Web page caption snippets:
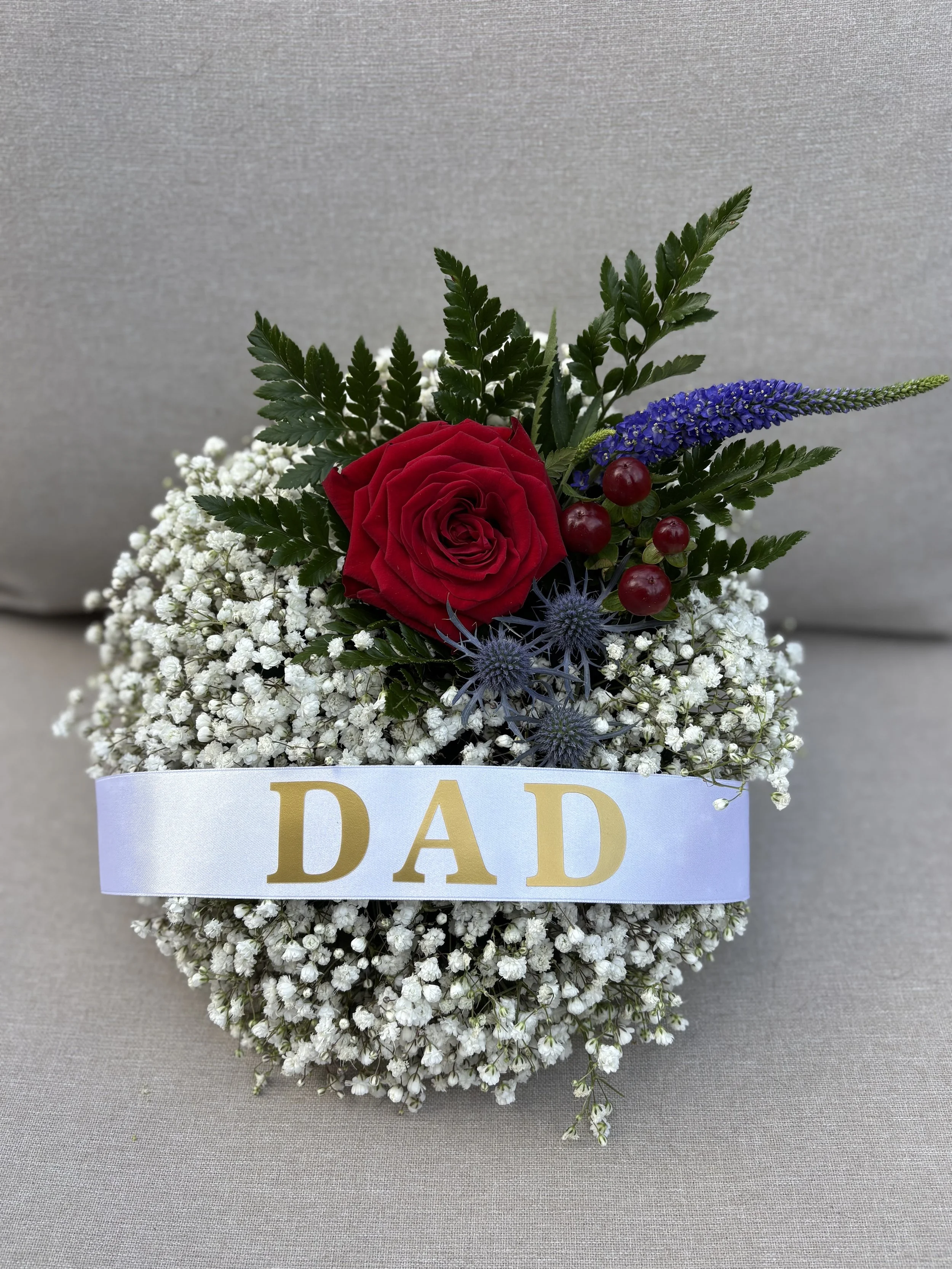 Christmas posy tribute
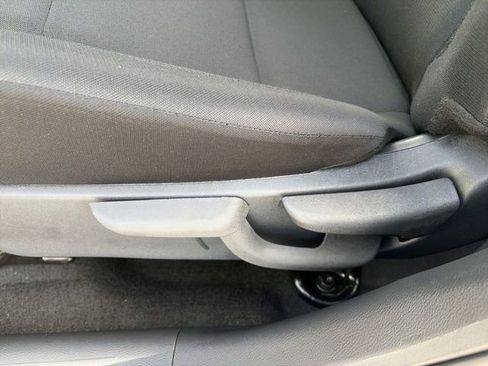 Used 2025 Nissan Kicks Play S image 21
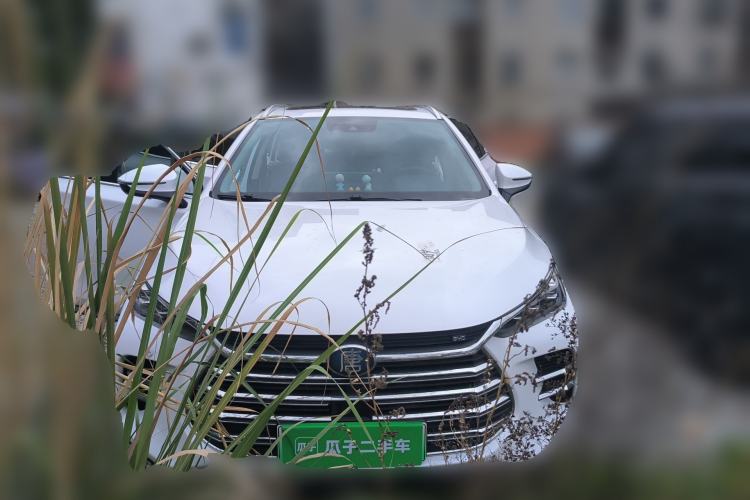 Used BYD Tang New Energy 2018 DM 2.0T All-Wheel Drive Smart Connect Elite 7-Seater China V Emission Standard Front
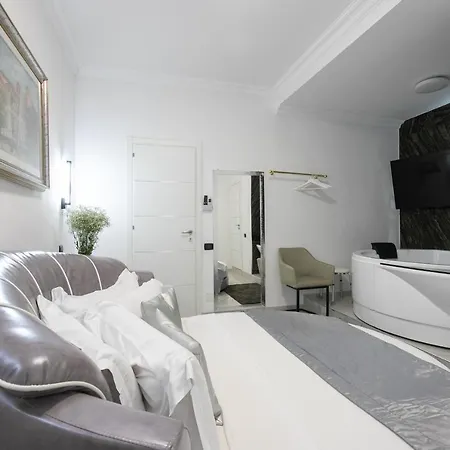 Gregorio Vii Luxury San Damaso Rome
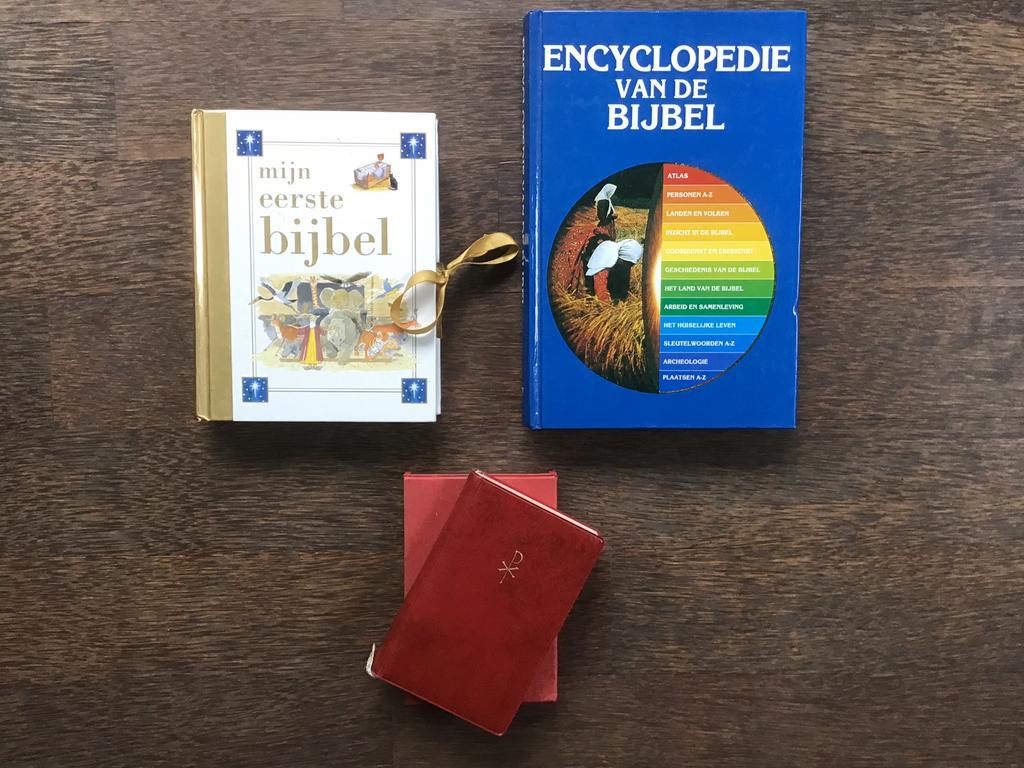 Encyclopedie van de Bijbel - Mijn eerste Bijbel - Liedboek, Ophalen of Verzenden, Zo goed als nieuw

— TO DO —
What's needed is every record restated exactly, pictures excluded.

— WORKED SOLUTION —
 Christmas posy tribute
 Used 2025 Nissan Kicks Play S image 21
 Used BYD Tang New Energy 2018 DM 2.0T All-Wheel Drive Smart Connect Elite 7-Seater China V Emission Standard Front
 Gregorio Vii Luxury San Damaso Rome
 Encyclopedie van de Bijbel - Mijn eerste Bijbel - Liedboek, Ophalen of Verzenden, Zo goed als nieuw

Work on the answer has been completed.